蠢く闇・4 ちょっとそれどこから持ってきたんですか
「【神格】?」
「そうだ。どこにあるのか、教えろ」
いきなり現れた男が、そんな突拍子もないことを言う。
「教えろと言われても。あと人にものを聞く態度には思えない。出直せ」
「……素直に口を割るとは思っていない」
男があごで合図をすると、裏口が開いた。
姿を見せたのは短剣を持つもう一人の男。
「すでに包囲している。逃げ場はないぞ」
なかなかの手際だな。気配を消し、音もなくやった。
気づけないとは、俺もまだまだだ。
「下手に動くなよ。

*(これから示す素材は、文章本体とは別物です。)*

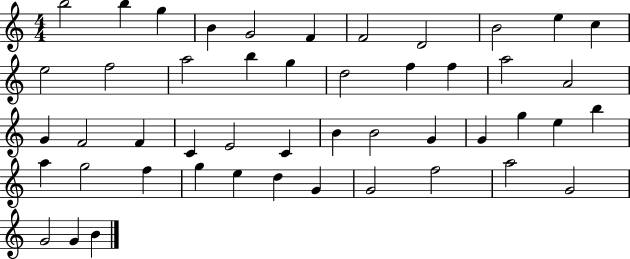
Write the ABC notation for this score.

X:1
T:Untitled
M:4/4
L:1/4
K:C
b2 b g B G2 F F2 D2 B2 e c e2 f2 a2 b g d2 f f a2 A2 G F2 F C E2 C B B2 G G g e b a g2 f g e d G G2 f2 a2 G2 G2 G B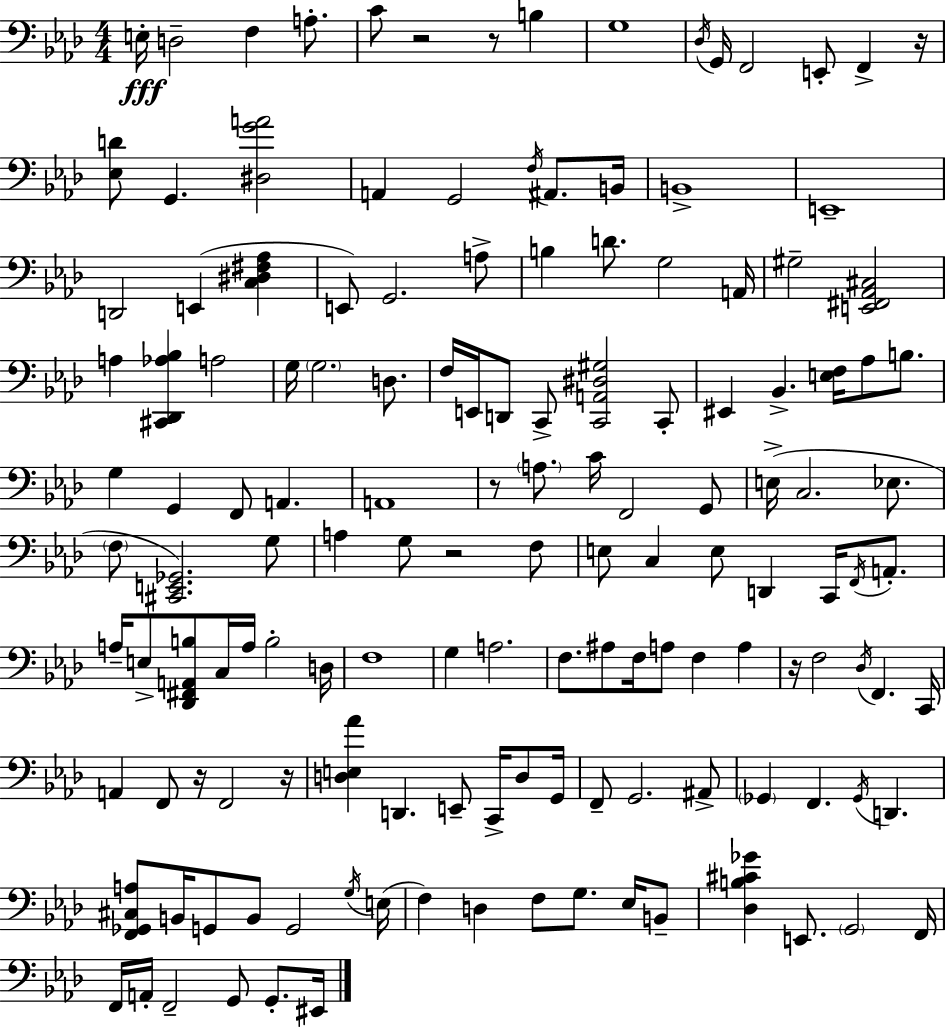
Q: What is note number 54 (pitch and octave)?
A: E3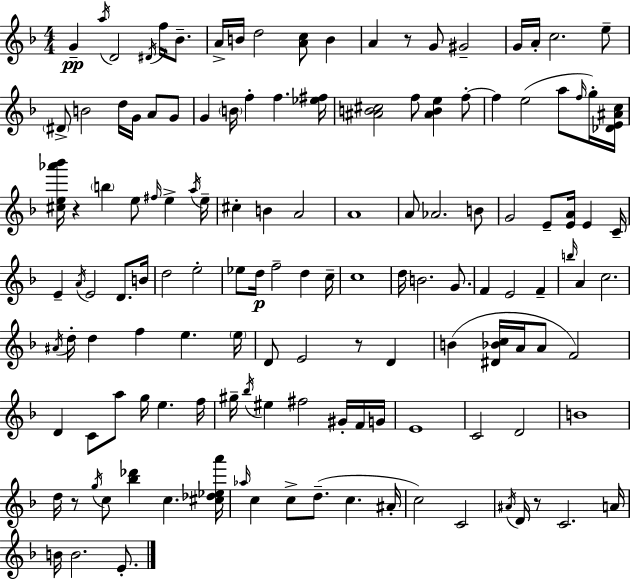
{
  \clef treble
  \numericTimeSignature
  \time 4/4
  \key f \major
  g'4--\pp \acciaccatura { a''16 } d'2 \acciaccatura { dis'16 } f''16 bes'8.-- | a'16-> b'16 d''2 <a' c''>8 b'4 | a'4 r8 g'8 gis'2-- | g'16 a'16-. c''2. | \break e''8-- \parenthesize dis'8-> b'2 d''16 g'16 a'8 | g'8 g'4 \parenthesize b'16 f''4-. f''4. | <ees'' fis''>16 <ais' b' cis''>2 f''8 <ais' b' e''>4 | f''8-.~~ f''4 e''2( a''8 | \break \grace { f''16 } g''16-.) <des' e' ais' c''>16 <cis'' e'' aes''' bes'''>16 r4 \parenthesize b''4 e''8 \grace { fis''16 } e''4-> | \acciaccatura { a''16 } e''16-- cis''4-. b'4 a'2 | a'1 | a'8 aes'2. | \break b'8 g'2 e'8-- <e' a'>16 | e'4 c'16-- e'4-- \acciaccatura { a'16 } e'2 | d'8. b'16 d''2 e''2-. | ees''8 d''16\p f''2-- | \break d''4 c''16-- c''1 | d''16 b'2. | g'8. f'4 e'2 | f'4-- \grace { b''16 } a'4 c''2. | \break \acciaccatura { ais'16 } d''16-. d''4 f''4 | e''4. \parenthesize e''16 d'8 e'2 | r8 d'4 b'4( <dis' bes' c''>16 a'16 a'8 | f'2) d'4 c'8 a''8 | \break g''16 e''4. f''16 gis''16-- \acciaccatura { bes''16 } eis''4 fis''2 | gis'16-. f'16 g'16 e'1 | c'2 | d'2 b'1 | \break d''16 r8 \acciaccatura { g''16 } c''8 <bes'' des'''>4 | c''4. <cis'' des'' ees'' a'''>16 \grace { aes''16 } c''4 c''8-> | d''8.--( c''4. ais'16-. c''2) | c'2 \acciaccatura { ais'16 } d'16 r8 c'2. | \break a'16 b'16 b'2. | e'8.-. \bar "|."
}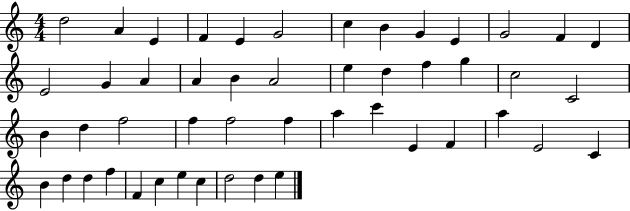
{
  \clef treble
  \numericTimeSignature
  \time 4/4
  \key c \major
  d''2 a'4 e'4 | f'4 e'4 g'2 | c''4 b'4 g'4 e'4 | g'2 f'4 d'4 | \break e'2 g'4 a'4 | a'4 b'4 a'2 | e''4 d''4 f''4 g''4 | c''2 c'2 | \break b'4 d''4 f''2 | f''4 f''2 f''4 | a''4 c'''4 e'4 f'4 | a''4 e'2 c'4 | \break b'4 d''4 d''4 f''4 | f'4 c''4 e''4 c''4 | d''2 d''4 e''4 | \bar "|."
}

おまえが魔法士だということは聞いている」
「誰から?」
「口も閉じろ。はいかいいえ、それだけで答えるんだ」
「それじゃ【神格】の場所を言えない」
男の表情がわずかに変化する。
「何者だ?」
「……」
答えないか。
しかし彼らの雰囲気をどこかで感じたことがあった。
「思い出した。レイドラム男爵の家で襲ってきた人たち」
「余計なことをしゃべるな。死にたいのか」
問答は無用らしい。
この人たち、もしも俺の推測が当たっているなら、軽鎧の下にミスリル銀のかたびらをつけているはず。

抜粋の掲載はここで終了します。